Canada aims to spread out international students across country

As Trudeau concludes sweeping immigration review, minister sees value in greater geographic division of visa approvals

June 16, 2023
Group of pilots fly over Toronto to illustrate Canada wants foreign students to access all areas across the country
Source: Getty images

The Trudeau administration is preparing an overhaul of visa policies that aims, among other objectives, to more strategically distribute international students around Canada.

The administration said it was taking the step to help both the communities across the country that appear to be overwhelmed by international student arrivals, and those areas that might not be getting enough.

The federal government hopes to do a better job of “ensuring the benefits of immigration are spread to all regions of the country”, said a spokesman for Immigration, Refugees and Citizenship Canada (IRCC).

Canada has long been one of the world’s top destinations for overseas students. In a country of about 38 million people, the IRCC has seen study permit applications from abroad more than double since 2017, from 313,000 requests to record levels of nearly 550,000 applicants in 2021 and 715,000 last year.

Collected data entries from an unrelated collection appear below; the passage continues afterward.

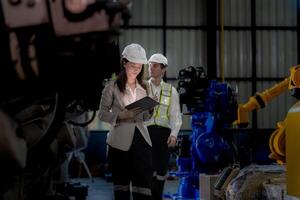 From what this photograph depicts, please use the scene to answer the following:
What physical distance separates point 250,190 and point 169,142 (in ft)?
5.03

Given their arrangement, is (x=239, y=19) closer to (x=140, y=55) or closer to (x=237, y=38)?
(x=237, y=38)

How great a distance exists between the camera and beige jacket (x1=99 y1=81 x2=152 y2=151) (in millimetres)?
4254

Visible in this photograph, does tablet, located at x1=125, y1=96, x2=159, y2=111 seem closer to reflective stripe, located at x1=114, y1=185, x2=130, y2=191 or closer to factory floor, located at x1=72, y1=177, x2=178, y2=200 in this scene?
reflective stripe, located at x1=114, y1=185, x2=130, y2=191

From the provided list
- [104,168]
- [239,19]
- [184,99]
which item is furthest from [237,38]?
[184,99]

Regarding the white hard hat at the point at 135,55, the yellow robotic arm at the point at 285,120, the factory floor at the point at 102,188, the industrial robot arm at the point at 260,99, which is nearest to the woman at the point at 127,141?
the white hard hat at the point at 135,55

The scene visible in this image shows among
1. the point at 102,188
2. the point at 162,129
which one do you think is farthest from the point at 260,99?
the point at 102,188

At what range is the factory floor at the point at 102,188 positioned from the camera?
24.6ft

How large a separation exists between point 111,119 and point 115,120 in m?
0.03

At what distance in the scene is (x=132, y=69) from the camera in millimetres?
4406

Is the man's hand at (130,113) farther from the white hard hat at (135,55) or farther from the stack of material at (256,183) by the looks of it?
the stack of material at (256,183)

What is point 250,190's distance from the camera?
4.50 m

Yet with the benefits – including the heavy subsidisation of Canada’s higher education system by international students paying several times the tuition rates of their domestic classmates – have come some challenges in areas that include regional housing shortfalls, cases of visa fraud, and more general political anxieties tied to race and culture, economic competitiveness and national security.

Canadian officials have reported several instances in recent months where they blocked post-secondary institutions from hosting international students, typically from India, because the institutions had unusually large numbers of people with student visas not attending classes, going straight into jobs or immediately applying for asylum.

The federal immigration minister, Sean Fraser, responded to that situation by announcing that the government would allow all visa holders associated with those institutions to remain in Canada while their cases are examined on an individual basis, to learn who might have been willing participants in any kind of fraudulent visa application efforts.

More generally, however, Mr Fraser has argued that immigrants can actually help to address problems such as housing shortages, by bringing the skills and labour necessary to help Canadian industries, including construction.

The nation’s main association for foreign student exchange, the Canadian Bureau for International Education (CBIE), has been urging the Trudeau government to lead a more strategic approach, but with a particular emphasis on student needs. Current planning agreements between the federal and provincial governments, the CBIE said in its formal contribution to the Trudeau policy reassessment, “make no reference to international students in Canada, how to plan for meeting their needs for housing, social, health and mental services, nor how they can help bridge talent gaps or meet provincial immigration targets”.

The Trudeau administration also has shown growing signs of concern about the possibility of foreign espionage aimed at Canada’s research universities. It has begun setting up a system through which people acting on behalf of foreign governments would have to register that affiliation.

That move has generated protests from the nation’s main faculty association, the Canadian Association of University Teachers (CAUT), which has argued that the system could silence legitimate political criticism. The terms, said CAUT’s executive director, David Robinson, could threaten repercussions for something as benign as an academic writing a newspaper editorial.

Mr Robinson also endorsed steps to restrain institutions that have taken too many students from abroad. Examples, he said, include Cape Breton University in Nova Scotia, which admitted so many students from abroad – nearly 4,000 last academic year, out of a total enrolment of just under 6,000 – that it began holding some classes in a movie theatre.

Too often, Mr Robinson said, international students in Canada “are treated as cash cows, often treated badly, and given little support”.